We hiked past a Buddhist shrine and rocks eroded into eerily human-like formations. At the top of the mountain was a fortress wall—testament to a long history of conquest. On the way down we found ourselves in the midst of an outdoor exercise station, complete with three tiny Korean woman listening to loud music while they hula-hooped and used the machines. None of them spoke any English but they gestured for us to join them. After trying this crazy spinning machine and almost falling off, I decided to stick to hula hooping. I made Richard do it too, it made for some great pictures!
Next we headed to the Gyeongbokgung Palace of the Joseon Dynasty. We wandered around the buildings for a while, taking pictures and trying to imagine what all of the carefully designed buildings were used for. Perhaps the funniest part of our venture was when we were taking pictures inside one of the prayer rooms, sitting cross-legged, pretending to pray and a Korean girl came up to us with a camera. At first I thought she wanted us to take a picture of her until she gestured to me and Richard to sit next to her and handed the camera to her friend. After we took a picture with her, two of her friends came up and gestured for us to take a picture with them. Richard and I felt like celebrities!

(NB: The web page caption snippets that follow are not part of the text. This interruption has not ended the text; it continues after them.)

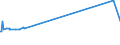 KN 72085299 /Exporte /Einheit = Preise (Euro/Tonne) /Partnerland: Dschibuti /Meldeland: Europäische Union /72085299:Flacherzeugnisse aus Eisen Oder Nichtlegiertem Stahl, mit Einer Breite von < 2050 mm, Jedoch >= 600 mm, Nicht in Rollen `coils`, nur Warmgewalzt, Weder Plattiert Noch Ã¼berzogen, mit Einer Dicke von >= 4,75 mm bis 10 mm, Ohne OberflÃ¤chenmuster (Ausg. Sog. Breitflachstahl [auch Universalstahl Genannt])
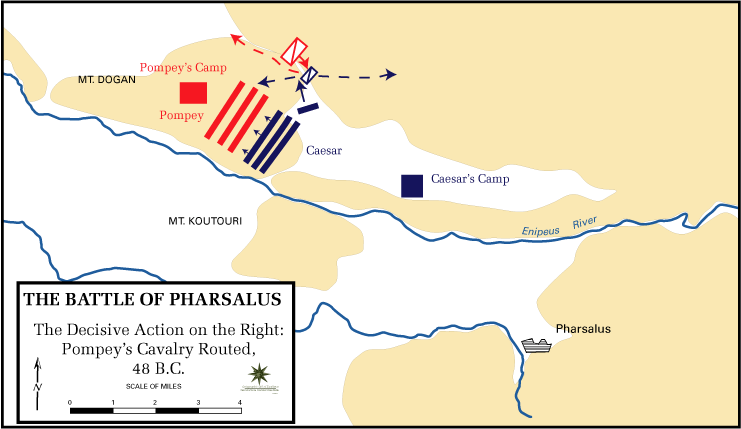 Pharsalus - Ceasar's hidden line turned the Pompeian cavalry and decided the issue.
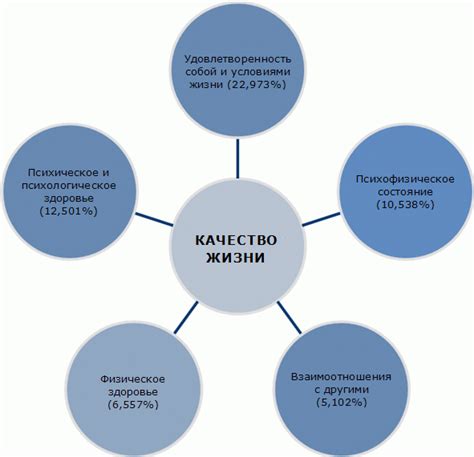 Улучшение качества жизни в помещении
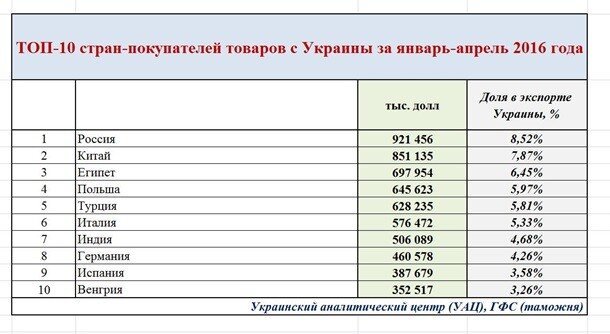 ГЛАВНЫЙ ДЕФИЦИТ НА УКРАИНЕ – ДЕФИЦИТ МОЗГА. Жестко, но справедливо!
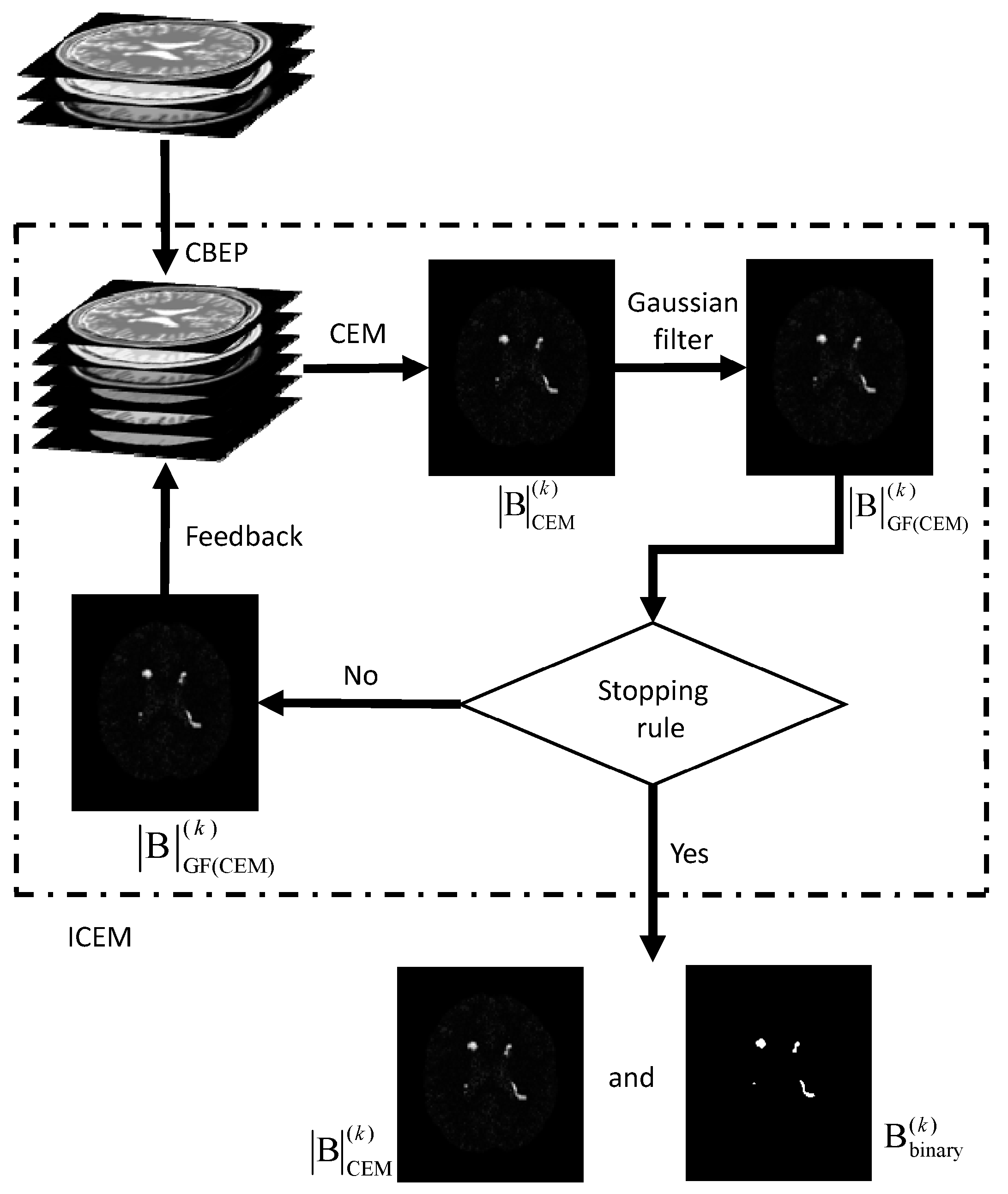 Remotesensing 09 01174 g003 Remotesensing 09 01174 g003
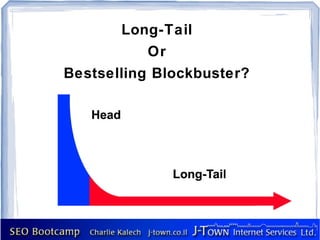 Long-Tail
           Or
Bestselling Blockbuster?
 
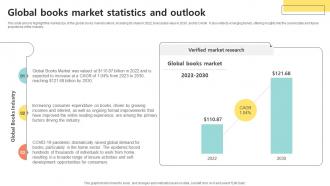 Global Books Market Statistics Bookselling Business Plan BP SS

After our morning of hiking and posing, we headed to a restaurant in Insadong, an area famous for its traditional crafts and restaurants. The food we got ended up being a little more traditional than we expected…After spending a tedious few minutes attempting to explain to the non-English-speaking waiter that I preferred vegetarian food, I gave up and just pointed to a few dishes that looked vegetarian. I soon found out that I had pointed to hanjeongsik, a traditional banquet that includes twelve side dishes and used to only be available to the King. Few of the dishes were recognizable so I just decided to toss my vegetarian tendencies to the wind and try everything. As we later found out, everything included dog…All I could think of for the rest of the day was my own golden fluff-ball Bozzie…Sorry Bozzie, you taste kind of like ham.